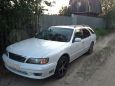  Nissan Cefiro 1997 , 215000 , 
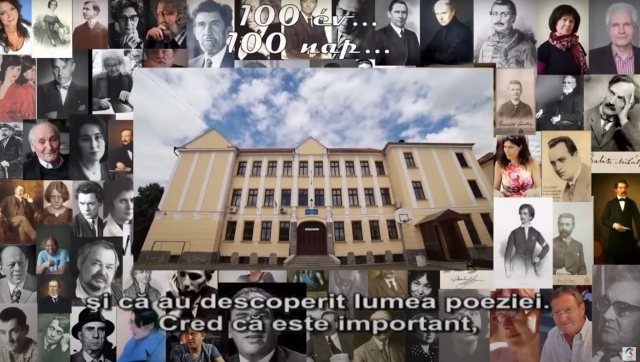 100 filme scurte inspirate din literatura maghiară | VIDEO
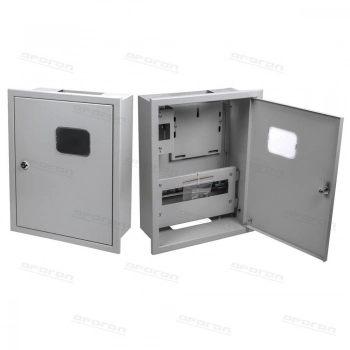 Корпус ЩУРв-1/12 IP31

## Problem statement
Would you please set down the listing above exactly, minus its images?

## Solution for this task
  Nissan Cefiro 1997 , 215000 , 
 100 filme scurte inspirate din literatura maghiară | VIDEO
 Корпус ЩУРв-1/12 IP31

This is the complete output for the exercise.